Exactly and only the lines below from the one containing "Hey guys, welcome" down to the one containing "Here's a situation." are wanted, both included; please exclude every picture.
▶
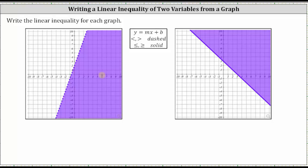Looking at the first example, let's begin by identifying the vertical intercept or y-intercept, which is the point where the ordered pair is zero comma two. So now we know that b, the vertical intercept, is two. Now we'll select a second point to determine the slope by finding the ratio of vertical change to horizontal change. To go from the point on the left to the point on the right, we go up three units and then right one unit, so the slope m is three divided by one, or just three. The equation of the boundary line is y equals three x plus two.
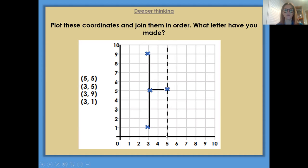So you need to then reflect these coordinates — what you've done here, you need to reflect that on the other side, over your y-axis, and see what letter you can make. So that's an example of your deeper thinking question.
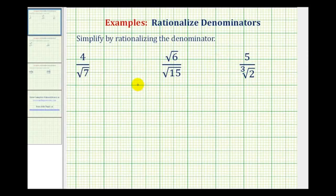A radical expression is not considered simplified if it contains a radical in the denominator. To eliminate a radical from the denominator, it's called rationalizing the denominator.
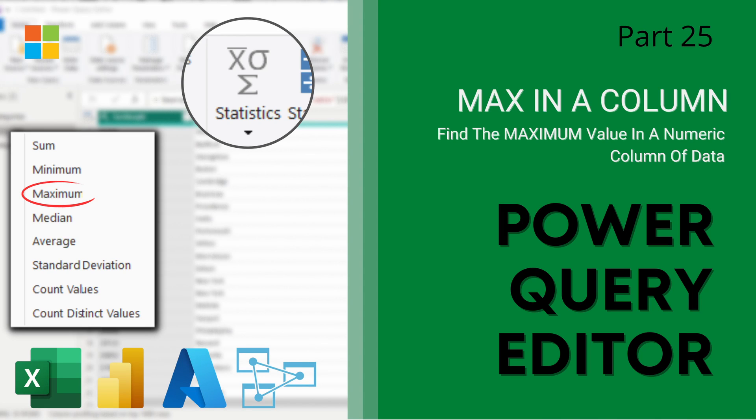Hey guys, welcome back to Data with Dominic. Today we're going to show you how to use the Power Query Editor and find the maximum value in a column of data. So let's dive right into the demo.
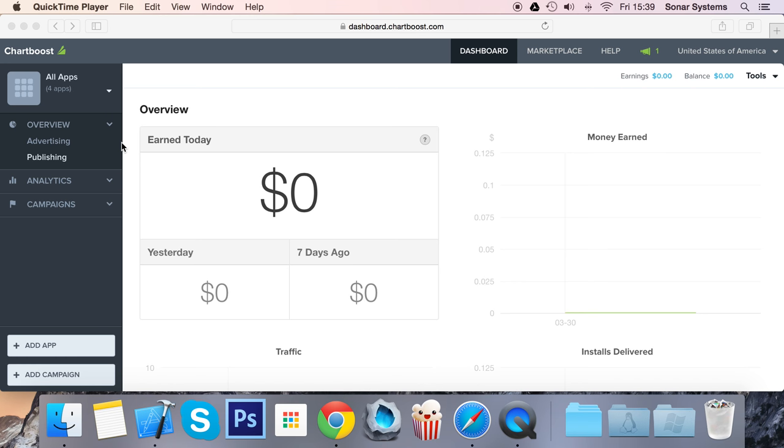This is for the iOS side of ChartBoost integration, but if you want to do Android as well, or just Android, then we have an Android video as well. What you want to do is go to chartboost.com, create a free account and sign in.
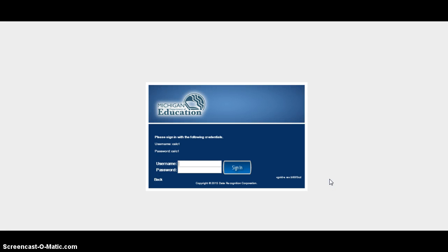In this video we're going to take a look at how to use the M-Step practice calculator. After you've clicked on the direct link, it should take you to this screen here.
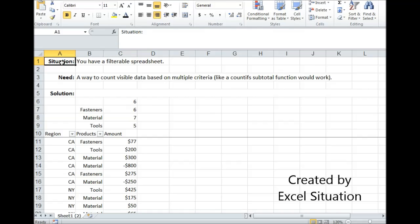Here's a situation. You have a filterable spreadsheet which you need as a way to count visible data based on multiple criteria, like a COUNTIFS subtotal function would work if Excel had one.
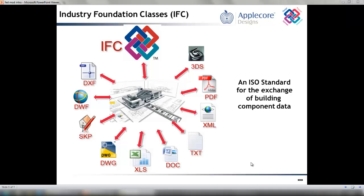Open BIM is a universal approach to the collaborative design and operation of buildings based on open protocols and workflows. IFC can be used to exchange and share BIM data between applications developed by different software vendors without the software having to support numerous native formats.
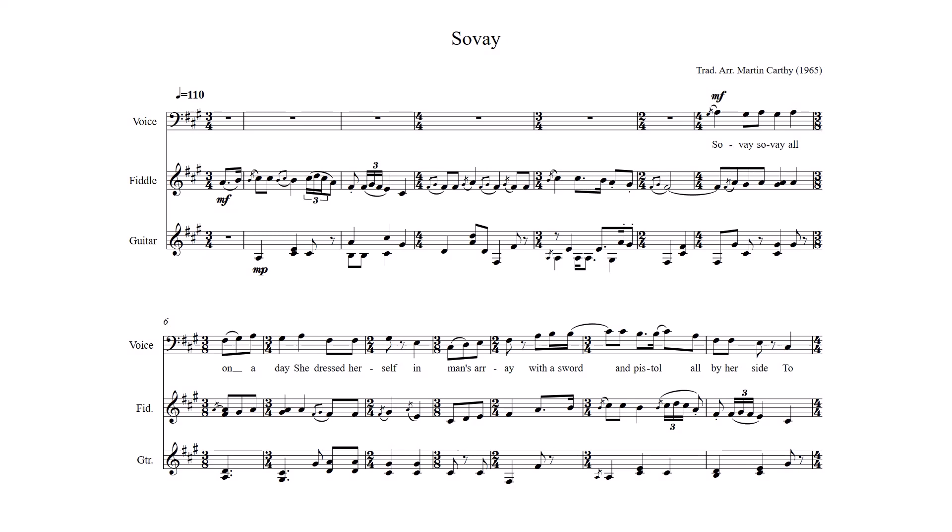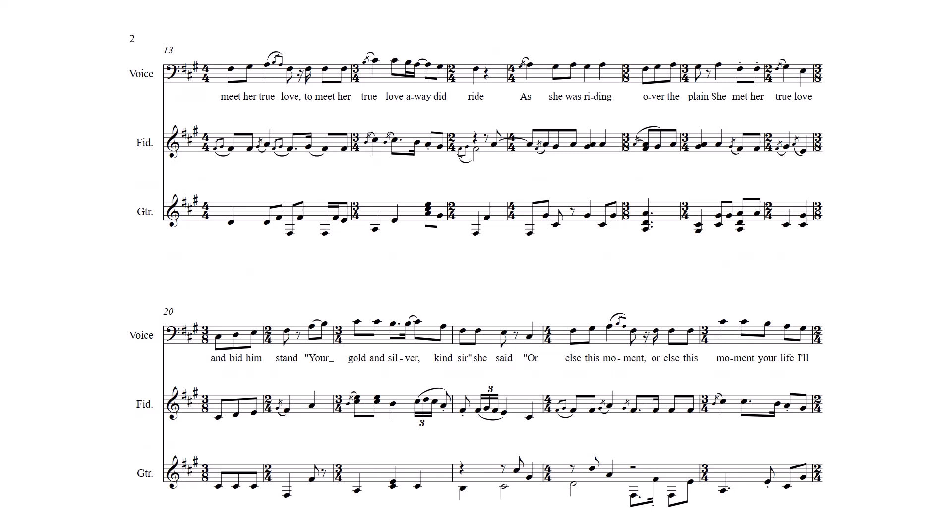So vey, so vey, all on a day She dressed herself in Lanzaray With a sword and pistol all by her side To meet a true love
◀
### Solution below
Hey guys, welcome back to Data with Dominic. Today we're going to show you how to use the Power Query Editor and find the maximum value in a column of data. So let's dive right into the demo.
This is for the iOS side of ChartBoost integration, but if you want to do Android as well, or just Android, then we have an Android video as well. What you want to do is go to chartboost.com, create a free account and sign in.
In this video we're going to take a look at how to use the M-Step practice calculator. After you've clicked on the direct link, it should take you to this screen here.
Here's a situation. You have a filterable spreadsheet which you need as a way to count visible data based on multiple criteria, like a COUNTIFS subtotal function would work if Excel had one.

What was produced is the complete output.